Reddick Edges Kes For Darlington Pole

Tyler Reddick

Driving a No. 45 23XI Racing Toyota with a paint scheme reminiscent of the late Tim Richmond’s 1982 Buick, Tyler Reddick emulated the driver he was honoring, winning the pole position for Sunday’s Goodyear 400 NASCAR Cup Series race (3 p.m. ET on FS1, MRN and SiriusXM NASCAR Radio).

Turning a lap at Darlington Raceway in 28.906 seconds (170.124 mph) in the final round of qualifying, Reddick edged Brad Keselowski (170.018 mph) for the top starting spot by 0.018 seconds.

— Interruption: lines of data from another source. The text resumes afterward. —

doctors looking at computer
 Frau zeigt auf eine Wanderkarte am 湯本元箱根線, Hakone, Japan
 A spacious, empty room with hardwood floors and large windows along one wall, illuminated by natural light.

The Busch Light Pole Award was Reddick’s first of the season, his first at the Track Too Tough to Tame and the seventh of his career. Richmond won Darlington poles in 1983 and 1986.

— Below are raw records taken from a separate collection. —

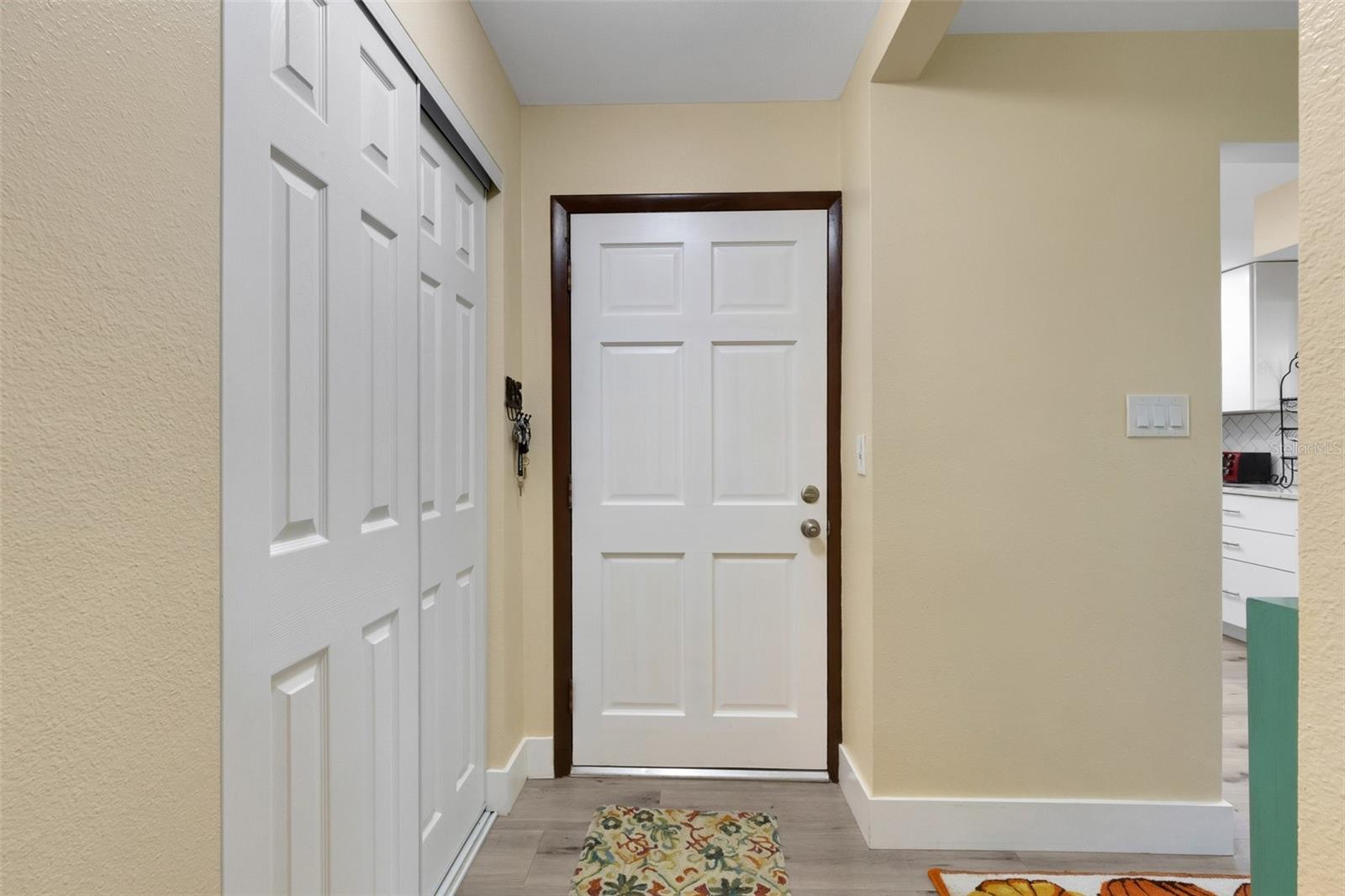 Entryway with Kitchen and Living Areas to the Right Entryway with Kitchen and Living Areas to the Right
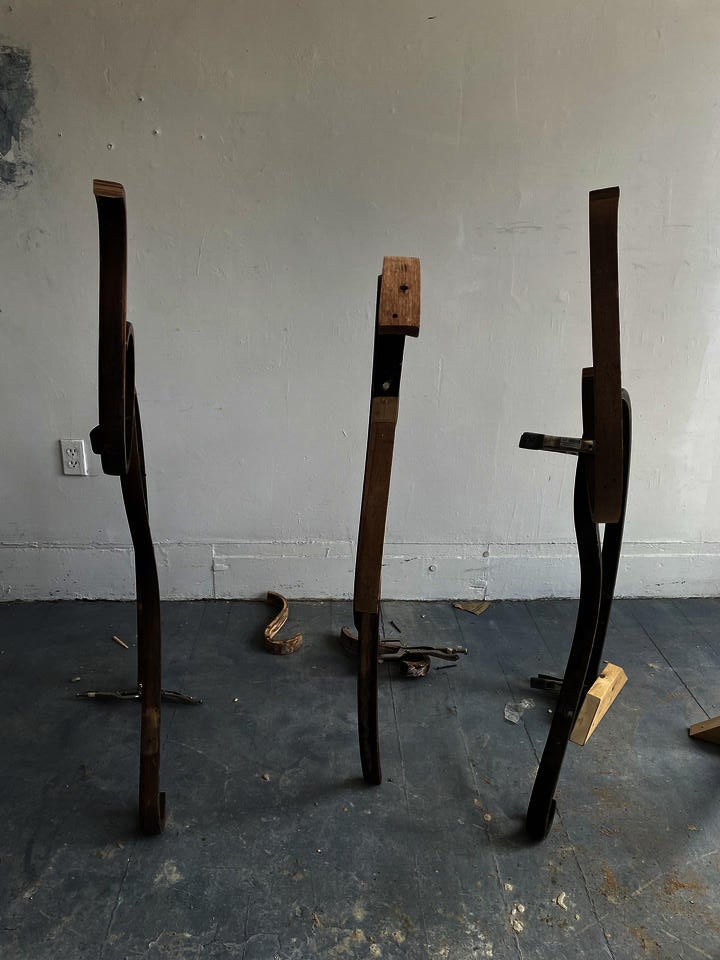 Pieces of old rocking chairs reconnected to stand straight up but crooked and bendy.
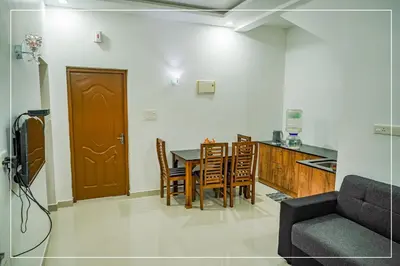 a kitchen and dining room with a table and chairs at RAIN DROPS PREMIUM VILLAS - Athirappilly in Athirappilly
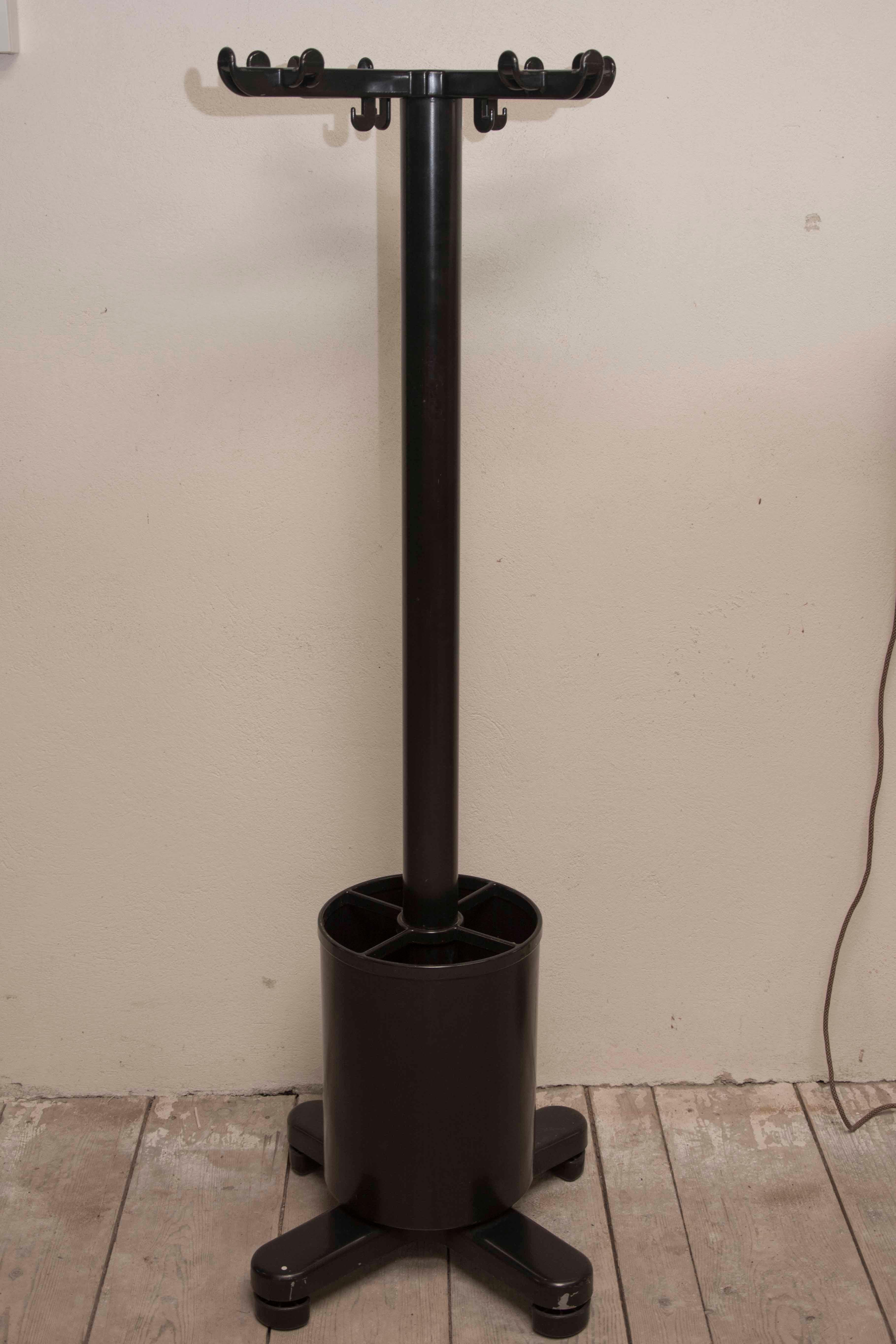 These freestanding coat rack were designed in 1973 by Ettore Sottsass for Olivetti and produced in Italy. It features an umbrella Stand resting on the base. It was constructed of steel, aluminium and plastic. Wear consistent with age and use. It´s a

“Just really excited that this Tim Richmond throwback Camry is going to be starting on the pole,” said Reddick, who added to the tribute with his own Richmond-style mustache.

“It’s really nice to put the work in this week to have that kind of qualifying effort. Last week was tough (in a 20th-place finish at Kansas). We didn’t lack any effort in trying to find ways to have a good week this week.”

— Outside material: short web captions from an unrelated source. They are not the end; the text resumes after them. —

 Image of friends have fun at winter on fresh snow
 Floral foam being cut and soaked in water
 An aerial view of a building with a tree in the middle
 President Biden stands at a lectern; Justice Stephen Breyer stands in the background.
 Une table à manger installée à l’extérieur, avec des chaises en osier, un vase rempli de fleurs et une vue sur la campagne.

Chris Buescher qualified third at 169.543 mph, giving Roush Fenway Keselowski Racing two of the top three grid positions for Sunday’s race, the 13th of the season. Buescher finished second to Kyle Larson by 0.001 seconds last Sunday at Kansas Speedway in the closest finish in Cup Series history.

Ty Gibbs (169.491 mph) will start fourth, followed by William Byron, Larson, Denny Hamlin, Bubba Wallace, Ross Chastain and Martin Truex Jr. Chastain edged Kyle Busch for the final Group B spot in the second round after both drivers ran identical times to the thousandth of a second in the opening round.

Chastain got the nod on an owner points tiebreaker.

Returning to competition after a two-race injury absence, Erik Jones will start 30th in the No. 43 Legacy Motor Club Toyota. Jones suffered a compression fracture of a lower vertebra during a multicar wreck at Talladega in April.

Reddick’s paint scheme is the second he has run honoring Richmond.

“He was the type of driver, in my opinion—when he was at the track or away from the track—he was always living life to the fullest and really happy living the life he (led),” Reddick said.

“Obviously, what he could do inside of a race car, too, is something that I always extremely appreciated about him.”

There’s one more way Reddick can emulate Richmond—do what Richmond did in 1986 and win at Darlington from the pole.